CHP Lideri Kemal Kılıçdaroğlu’nun, Çubuk’ta uğradığı linç girişimine ilişkin dava bu hafta başladı. Kılıçdaroğlu’na linç girişimi 21 Nisan 2019’da gerçekleşmişti, davanın açılması ise tam bir buçuk yılı buldu.

Bu bir buçuk yılda Türkiye’de,

Sokak ortasında bir milletvekili dört beş kişinin fiziksel saldırısına uğradı,

Bir mafya ağası ana muhalefet partisi liderini alenen tehdit etti,

Türkiye’nin en büyük kentinin belediye başkanına bir suikast hazırlığı olduğu ortaya çıktı.

Kılıçdaroğlu’na yönelik Çubuk’taki linç girişimi öyle dehşet vericiydi ki;

Bu dehşetengiz manzaraya karşın 46 şüpheliden birinin bile tutuklanmaması, soruşturma savcısının olayı ağırdan alması, davanın açılmasının bir buçuk yıl gibi uzun bir süreye yayılması, İçişleri Bakanlığı başta olmak üzere iktidarın bu linç girişimini sadece CHP’ye yönelik bir öfke şeklinde göstererek küçültmeye çalışması,

Demokrasi karşıtı ne kadar hücre varsa uyandırıp, hepimizin üzerine kara bir örtü olarak serilmesine neden oldu.

Türkiye, bu linç girişimine yönelik cezasızlık karşısında hemen her gün hukuk dışı aktörlerin tehditvari tutumları karşısında kaygı ve korku dolu bir toplumun fotoğrafını tartışıyor.

Pazartesi günü Çubuk Adliyesi’nde yaşananlara bakılırsa, bu ve benzeri fotoğrafları tartışmaya da devam edeceğiz.

Öncelikle duruşmanın yapıldığı gün Çubuk Adliyesi ve etrafında alınan güvenlik önlemleri çok dikkat çekiciydi. Mahkemeye izleyici olarak gelen milletvekillerinin hepsinin isimleri önceden bildirilmişti. Emniyet’in elinde bir liste vardı ve listede gelenlerin isimleri kontrol edilerek içeri alınıyorlardı. Gelenlerin hepsinin ağzından aynı cümleler dökülüyordu:

"Cenaze günü bu önlemler alınsaydı, bu olaylar yaşanmayacaktı!"
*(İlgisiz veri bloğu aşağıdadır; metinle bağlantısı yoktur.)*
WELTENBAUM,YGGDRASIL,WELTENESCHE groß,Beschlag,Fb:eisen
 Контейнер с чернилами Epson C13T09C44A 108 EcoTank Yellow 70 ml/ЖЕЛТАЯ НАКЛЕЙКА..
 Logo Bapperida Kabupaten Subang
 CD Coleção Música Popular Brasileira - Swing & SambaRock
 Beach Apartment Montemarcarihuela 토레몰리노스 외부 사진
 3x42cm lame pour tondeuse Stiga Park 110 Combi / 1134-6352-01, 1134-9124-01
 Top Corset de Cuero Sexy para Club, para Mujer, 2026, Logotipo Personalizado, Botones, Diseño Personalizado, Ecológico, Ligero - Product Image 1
Kılıçdaroğlu’na yönelik linç girişiminden tutun, CHP Liderine yönelik mafya tehdidine kadar ülkede herkes bu ve benzeri saldırıların CHP’ye yönelik olmadığını toplumun tüm kesimlerine yönelik olduğunu dile getirse de duruşmayı sadece 5 basın yayın organı izledi. Mahkeme Başkanı bu kadar az sayıda basın mensubuna bile tahammül edemedi! Önce gazetecilerin içeri alınmasına izin vermedi, uzun süren pazarlıkların ardından az sayıda gazeteci belli sürelerle duruşmayı takip edebildi.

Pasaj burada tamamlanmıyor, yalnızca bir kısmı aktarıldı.